Berry and colleagues [47••] recently published a meta-analysis of patient-level data from six multicenter studies of left cervical VNS for TRD. This analysis included patient data from five of the published studies reviewed above and data from an ongoing nonrandomized registry study [48•]. The registry compares VNS plus TAU (VNS+TAU; 335 patients) with TAU (301 patients). The objective of the meta-analysis was to compare response and remission rates [based on the Montgomery-Åsberg Depression Rating Scale (MADRS) and the Clinical Global Impressions Improvement (CGI-I) subscale] over time for VNS+TAU (1035 subjects) and TAU (425 subjects) from patient-level data, rather than treatment effect sizes, derived from the six studies. The MADRS response rate for VNS+TAU at 12, 24, 48, and 96 weeks was 12 %, 18 %, 28 %, and 32 % vs. 4 %,7 %, 12 %, and 14 % for TAU. The MADRS remission rates were 3 %, 5 %, 10 %, and 14 % for VNS+TAU vs. 1 %, 1 %, 2 %, and 4 % for TAU. When data were analyzed by odds ratios, VNS+TAU was associated with a significantly greater likelihood of response and remission compared with TAU. For patients who had responded to VNS+TAU at 24 weeks, sustained response was more likely at 48 weeks and at 96 weeks. The analysis of response and remission rates based on the CGI-I similarly distinguished the VNS+TAU and TAU groups.

Safety and Tolerability of VNS for Depression

The relative safety, tolerability, and acceptability of VNS in the depression studies are comparable to those seen in epilepsy [8•]. The most common adverse effects were voice alteration, cough, dyspnea, dysphagia, and neck pain or paresthesias; were typically mild-moderate in severity; and often improved with time or by adjusting VNS. Insomnia, sedation, sexual dysfunction, weight gain, and cognitive impairment were not associated with VNS. The risk of developing hypomania or mania is low [49•]. VNS was not associated with an increased risk of suicidal thoughts, suicide attempts, or completed suicide in the depression studies. Depression-related suicidal symptoms often improved over time.

Additional data from the VNS registry found that VNS-treated patients had lower rates of all-cause mortality, completed suicide, suicide thoughts, and suicide attempts compared with TAU patients, although not all of the findings were statistically significant [48•]. In a retrospective analysis of Medicare administrative claims data, Feldman and colleagues [50] compared the experience of four groups of Medicare beneficiaries: those receiving left cervical VNS; those defined as having TRD; those defined as having non-TRD; and those defined as general Medicare beneficiaries. Patients receiving VNS had lower annual mortality rates compared with the three other groups. The medical costs per patient-year were found to be similar for the VNS and non-TRD groups, both of which were substantially lower than for the TRD group.

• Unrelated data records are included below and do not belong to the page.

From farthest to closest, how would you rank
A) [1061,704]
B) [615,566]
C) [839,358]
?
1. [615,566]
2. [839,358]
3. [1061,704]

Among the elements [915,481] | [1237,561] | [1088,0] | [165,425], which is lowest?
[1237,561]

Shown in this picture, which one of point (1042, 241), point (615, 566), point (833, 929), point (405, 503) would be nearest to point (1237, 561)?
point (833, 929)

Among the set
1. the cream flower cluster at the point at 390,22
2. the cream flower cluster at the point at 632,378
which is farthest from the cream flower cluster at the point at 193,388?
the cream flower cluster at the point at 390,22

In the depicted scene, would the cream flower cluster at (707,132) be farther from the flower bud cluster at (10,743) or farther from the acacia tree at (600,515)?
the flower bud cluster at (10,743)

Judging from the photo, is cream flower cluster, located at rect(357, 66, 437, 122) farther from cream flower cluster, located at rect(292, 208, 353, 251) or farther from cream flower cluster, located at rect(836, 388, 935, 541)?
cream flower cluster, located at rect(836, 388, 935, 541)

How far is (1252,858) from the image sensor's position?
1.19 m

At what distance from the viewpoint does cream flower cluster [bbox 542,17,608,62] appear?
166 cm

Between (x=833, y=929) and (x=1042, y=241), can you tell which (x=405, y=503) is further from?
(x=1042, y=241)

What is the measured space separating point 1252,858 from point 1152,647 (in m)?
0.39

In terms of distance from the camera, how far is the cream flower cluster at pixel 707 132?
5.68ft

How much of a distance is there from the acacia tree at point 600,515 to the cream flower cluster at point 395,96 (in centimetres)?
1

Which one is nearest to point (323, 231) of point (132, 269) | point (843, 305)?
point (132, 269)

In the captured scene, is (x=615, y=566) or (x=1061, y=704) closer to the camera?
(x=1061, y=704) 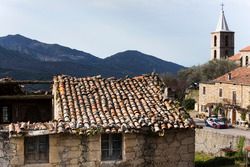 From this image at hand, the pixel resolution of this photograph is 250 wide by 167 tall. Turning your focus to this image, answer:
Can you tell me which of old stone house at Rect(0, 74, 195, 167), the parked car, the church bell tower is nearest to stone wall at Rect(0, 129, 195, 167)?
old stone house at Rect(0, 74, 195, 167)

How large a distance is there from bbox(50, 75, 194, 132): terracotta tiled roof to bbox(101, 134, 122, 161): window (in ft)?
1.11

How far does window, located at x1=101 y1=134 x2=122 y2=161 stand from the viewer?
12.5 meters

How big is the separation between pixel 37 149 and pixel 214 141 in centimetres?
2166

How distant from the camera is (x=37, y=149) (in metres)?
12.3

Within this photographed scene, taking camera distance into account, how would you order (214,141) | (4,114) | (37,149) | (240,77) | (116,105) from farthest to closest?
(240,77) < (214,141) < (4,114) < (116,105) < (37,149)

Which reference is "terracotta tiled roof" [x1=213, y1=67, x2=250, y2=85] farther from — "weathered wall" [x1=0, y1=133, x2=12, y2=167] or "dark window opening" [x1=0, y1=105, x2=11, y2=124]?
"weathered wall" [x1=0, y1=133, x2=12, y2=167]

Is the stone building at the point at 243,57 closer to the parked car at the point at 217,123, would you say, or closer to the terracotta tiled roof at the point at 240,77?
the terracotta tiled roof at the point at 240,77

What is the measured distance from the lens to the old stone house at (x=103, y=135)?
12.0 metres

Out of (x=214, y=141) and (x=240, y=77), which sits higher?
(x=240, y=77)

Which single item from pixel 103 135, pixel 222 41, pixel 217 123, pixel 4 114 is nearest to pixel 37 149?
pixel 103 135

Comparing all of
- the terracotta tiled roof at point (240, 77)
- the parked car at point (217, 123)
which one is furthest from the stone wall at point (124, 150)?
the terracotta tiled roof at point (240, 77)

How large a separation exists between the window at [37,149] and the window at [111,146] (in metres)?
1.35

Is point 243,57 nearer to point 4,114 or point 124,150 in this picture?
point 4,114

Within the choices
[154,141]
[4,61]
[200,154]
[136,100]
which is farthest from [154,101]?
[4,61] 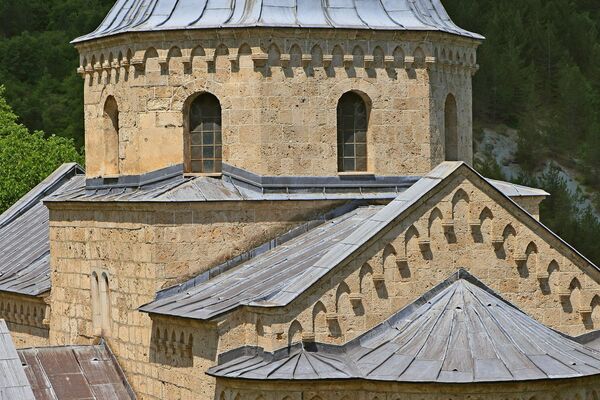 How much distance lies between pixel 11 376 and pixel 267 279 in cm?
344

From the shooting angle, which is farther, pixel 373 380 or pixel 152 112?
pixel 152 112

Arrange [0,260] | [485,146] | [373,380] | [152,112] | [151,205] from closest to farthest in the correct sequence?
[373,380] → [151,205] → [152,112] → [0,260] → [485,146]

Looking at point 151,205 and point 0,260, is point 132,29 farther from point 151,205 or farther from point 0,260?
point 0,260

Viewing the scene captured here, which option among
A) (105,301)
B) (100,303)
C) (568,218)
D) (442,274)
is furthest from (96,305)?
(568,218)

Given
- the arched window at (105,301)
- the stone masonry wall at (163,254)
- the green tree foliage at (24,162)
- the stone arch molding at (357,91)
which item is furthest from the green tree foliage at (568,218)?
the stone masonry wall at (163,254)

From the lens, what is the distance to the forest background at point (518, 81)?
58000 millimetres

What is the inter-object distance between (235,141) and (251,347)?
4144mm

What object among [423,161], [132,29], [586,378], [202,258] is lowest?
[586,378]

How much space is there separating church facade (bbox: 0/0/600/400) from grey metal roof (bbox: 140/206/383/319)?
52mm

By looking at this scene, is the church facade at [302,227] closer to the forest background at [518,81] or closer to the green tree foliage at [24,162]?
the green tree foliage at [24,162]

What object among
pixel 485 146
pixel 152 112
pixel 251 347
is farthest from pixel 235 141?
pixel 485 146

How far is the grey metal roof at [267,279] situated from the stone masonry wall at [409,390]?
1.01m

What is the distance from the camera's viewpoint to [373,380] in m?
16.2

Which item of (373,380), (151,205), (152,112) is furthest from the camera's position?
(152,112) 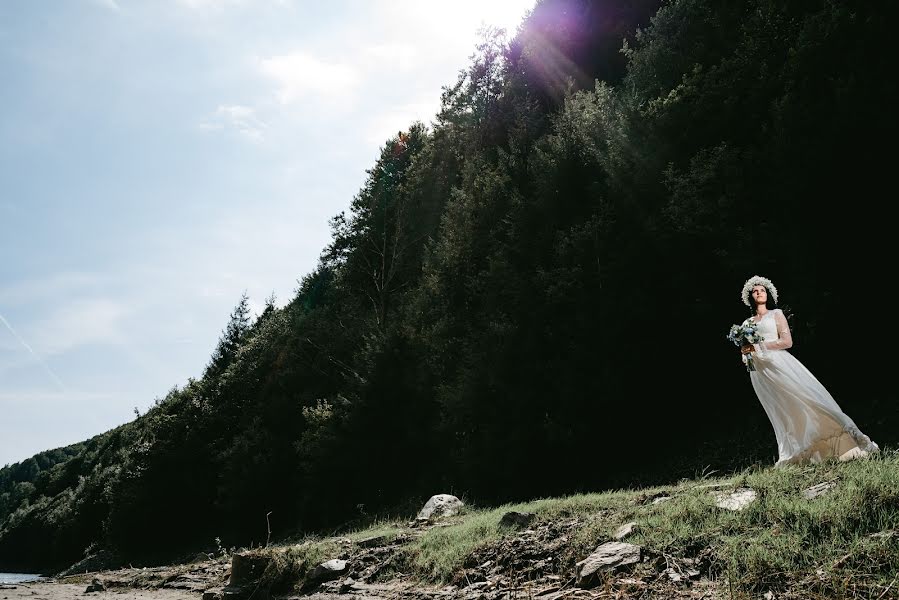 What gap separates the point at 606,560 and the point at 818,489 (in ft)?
7.12

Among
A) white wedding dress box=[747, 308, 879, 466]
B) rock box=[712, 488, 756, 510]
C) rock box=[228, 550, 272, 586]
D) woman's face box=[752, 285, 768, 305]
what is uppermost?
woman's face box=[752, 285, 768, 305]

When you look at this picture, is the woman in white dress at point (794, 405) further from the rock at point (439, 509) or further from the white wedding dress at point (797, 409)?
the rock at point (439, 509)

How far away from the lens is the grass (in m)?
3.56

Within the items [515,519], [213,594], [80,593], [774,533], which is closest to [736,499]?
[774,533]

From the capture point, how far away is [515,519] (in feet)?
23.0

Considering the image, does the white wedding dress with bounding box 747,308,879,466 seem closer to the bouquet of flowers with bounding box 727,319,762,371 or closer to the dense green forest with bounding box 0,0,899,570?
the bouquet of flowers with bounding box 727,319,762,371

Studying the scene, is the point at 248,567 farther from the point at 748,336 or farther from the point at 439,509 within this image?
the point at 748,336

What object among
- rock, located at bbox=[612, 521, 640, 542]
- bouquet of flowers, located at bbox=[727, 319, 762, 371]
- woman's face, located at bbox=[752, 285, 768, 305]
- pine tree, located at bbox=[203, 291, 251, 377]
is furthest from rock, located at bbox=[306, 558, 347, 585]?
pine tree, located at bbox=[203, 291, 251, 377]

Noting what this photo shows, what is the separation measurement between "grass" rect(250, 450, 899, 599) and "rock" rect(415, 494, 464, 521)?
3.68 meters

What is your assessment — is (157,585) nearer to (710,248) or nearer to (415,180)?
(710,248)

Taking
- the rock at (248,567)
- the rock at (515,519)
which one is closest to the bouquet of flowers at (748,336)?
the rock at (515,519)

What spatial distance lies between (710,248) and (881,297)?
380cm

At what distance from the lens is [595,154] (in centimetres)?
1789

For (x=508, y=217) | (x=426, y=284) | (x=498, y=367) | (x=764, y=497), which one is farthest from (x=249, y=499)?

Transcutaneous VNS for Depression

As described previously, auricular t-VNS is an alternative form of stimulating the vagus nerve. Hein and colleagues [25••] conducted a randomized, sham-controlled, pilot study of auricular t-VNS in 37 patients with major depression (not TRD). The t-VNS was administered bilaterally using a TENS microstimulator unit (manufactured by Auri-Stim Medical Inc., Denver, CO, USA). The stimulation was used for 15 min once or twice a day, 5 days per week, for 2 weeks. Active stimulation was set just below the threshold of perception; sham stimulation involved no current. Active stimulation was associated with a significantly greater improvement on a self-report measure of depression (the Beck Depression Inventory) compared with sham stimulation after 2 weeks, but there was no change within or difference between groups on the HRSD. The treatment was well tolerated. Another study of auricular t-VNS for non-chronic depression is currently being conducted [51].

Depression, Inflammation, Metabolic Syndrome, Infectious Disease, Heart Disease, and VNS

Inflammatory Biomarkers, Depression, and the Heart

Studies have shown that depression is an independent risk factor for the development of cardiovascular disease, and that comorbid depression increases the morbidity and mortality of patients with pre-existing heart disease [52, 53]. Depression also contributes to the risk of developing cardiac arrhythmias [54]. Heart failure resulting from cardiac ischemia or tachycardia is accompanied by changes in autonomic tone resulting in increased heart rate and decreased heart rate variability. Autonomic dysfunction in heart failure is often associated with neurohormonal activation (e.g., increased plasma norepinephrine, angiotensin II, and endothelin-1), inflammatory biomarkers and cytokines (e.g., tumor necrosis factor alpha and C-reactive protein), metabolic changes, and increased systemic and cardiac oxidant stress [55]. Similarly, autonomic dysregulation, inflammatory/immune system activation, and dysregulated neuro-immune system interactions are implicated in hypertension and cardiovascular disease [56]. There is extensive experience using measures of heart rate variability in diverse disease syndromes, and these studies indicate that decreased heart rate variability and decreased vagus nerve activity is associated with increased morbidity and mortality [57].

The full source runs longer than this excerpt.